Production Mondiale & Répartition (2023–2024)
- Capacité
d'électrolyseurs installée : ~1,5 GW fin 2023.
- Volume de H₂ vert
produit
: Environ 180 000 tonnes/an.
- Part dans la
production totale d'hydrogène : < 1% (la production mondiale est
encore dominée à >95% par l'hydrogène gris).
- Répartition
géographique des projets majeurs :
- Europe : Leader en projets
annoncés (Allemagne, Espagne, Pays-Bas, France). Objectif UE : 10 Mt/an
d'ici 2030.
- Chine : Plus grand
producteur actuel (capacité >300 MW), moteur de la baisse des coûts
des électrolyseurs.
- États-Unis : Croissance
accélérée via l'Inflation Reduction Act (subventions jusqu'à 3 $/kg).
- Moyen-Orient : Projets
"gigafuel" pour l'export (ex. NEOM en Arabie Saoudite : 4 GW).
- Australie &
Amérique du Sud
(Chili, Brésil) : Focus sur l'export via un fort potentiel en énergies
renouvelables à bas coût.
4. Défis
Clés
- Coût de production : Actuellement 3 à 7
$/kg. L'objectif est de descendre sous 2 $/kg d'ici 2030 grâce aux
économies d'échelle et à la baisse du coût des renouvelables.
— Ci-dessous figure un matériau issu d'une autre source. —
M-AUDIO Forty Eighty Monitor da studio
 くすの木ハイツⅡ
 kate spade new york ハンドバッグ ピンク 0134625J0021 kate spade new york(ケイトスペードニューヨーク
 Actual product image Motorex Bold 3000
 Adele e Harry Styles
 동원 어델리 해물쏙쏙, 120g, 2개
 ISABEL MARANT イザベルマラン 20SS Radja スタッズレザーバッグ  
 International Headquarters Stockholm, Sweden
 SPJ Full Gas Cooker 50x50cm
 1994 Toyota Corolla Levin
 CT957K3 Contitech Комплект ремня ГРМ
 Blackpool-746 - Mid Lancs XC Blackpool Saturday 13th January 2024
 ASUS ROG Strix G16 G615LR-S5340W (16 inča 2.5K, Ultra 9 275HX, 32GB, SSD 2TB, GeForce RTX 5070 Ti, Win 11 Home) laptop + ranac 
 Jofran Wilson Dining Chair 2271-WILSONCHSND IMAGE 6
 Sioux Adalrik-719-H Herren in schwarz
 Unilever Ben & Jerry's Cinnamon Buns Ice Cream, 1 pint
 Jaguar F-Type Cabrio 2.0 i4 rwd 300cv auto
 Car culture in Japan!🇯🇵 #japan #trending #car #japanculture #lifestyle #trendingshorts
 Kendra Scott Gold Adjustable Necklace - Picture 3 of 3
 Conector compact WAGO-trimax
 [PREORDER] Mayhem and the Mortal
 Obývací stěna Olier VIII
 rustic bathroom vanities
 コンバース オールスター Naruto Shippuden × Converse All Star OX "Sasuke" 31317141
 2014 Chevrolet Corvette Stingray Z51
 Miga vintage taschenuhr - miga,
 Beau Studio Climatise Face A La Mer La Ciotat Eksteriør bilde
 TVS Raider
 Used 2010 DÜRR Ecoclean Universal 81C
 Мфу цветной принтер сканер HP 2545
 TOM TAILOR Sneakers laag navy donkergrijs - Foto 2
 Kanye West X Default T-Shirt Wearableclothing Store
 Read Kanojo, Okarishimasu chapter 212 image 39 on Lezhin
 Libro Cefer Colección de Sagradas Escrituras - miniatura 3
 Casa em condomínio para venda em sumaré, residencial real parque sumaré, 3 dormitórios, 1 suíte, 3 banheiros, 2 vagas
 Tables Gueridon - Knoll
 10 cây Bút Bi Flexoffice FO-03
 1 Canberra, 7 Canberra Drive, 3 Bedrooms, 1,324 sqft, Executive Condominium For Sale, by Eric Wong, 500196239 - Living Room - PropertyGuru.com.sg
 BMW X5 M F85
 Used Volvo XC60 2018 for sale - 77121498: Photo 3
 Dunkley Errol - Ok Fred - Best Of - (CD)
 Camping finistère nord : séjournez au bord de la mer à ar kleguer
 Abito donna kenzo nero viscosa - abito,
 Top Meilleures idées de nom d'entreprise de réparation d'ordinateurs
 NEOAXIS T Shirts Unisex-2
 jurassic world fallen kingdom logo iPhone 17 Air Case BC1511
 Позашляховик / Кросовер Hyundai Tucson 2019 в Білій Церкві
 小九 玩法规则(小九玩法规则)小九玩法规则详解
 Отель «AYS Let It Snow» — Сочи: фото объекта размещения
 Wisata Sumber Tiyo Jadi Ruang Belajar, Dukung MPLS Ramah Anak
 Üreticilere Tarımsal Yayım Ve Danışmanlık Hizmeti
- Infrastructures : Nécessité de
développer des réseaux de transport (gazoducs adaptés, navires) et de
stockage.
- Efficacité globale : Pertes
énergétiques importantes (électrolyse ~70-80% efficacité, +
liquéfaction/transport).
- Eau : Besoin d'eau
ultra-pure (~9 litres par kg de H₂) – enjeu dans les zones arides.
- Certification : Mise en place de
systèmes de garanties d'origine pour tracer l'électricité renouvelable.
5.
Perspectives (Scénarios AIE & Hydrogen Council)
- 2030 : Objectif de 50-100
GW de capacité d'électrolyseurs pour une production de ~10 millions de
tonnes/an (soit ~10% du marché total de l'H₂).
- 2050 (Neutralité
Carbone)
: L'hydrogène vert deviendrait la forme dominante, avec une production
potentielle de 500 à 800 millions de tonnes/an, essentielle pour
décarboner l'industrie et les transports.
Sources : Agence Internationale de l'Énergie (AIE) - Rapport sur l'Hydrogène 2023, Hydrogen Council, Commission Européenne, BloombergNEF.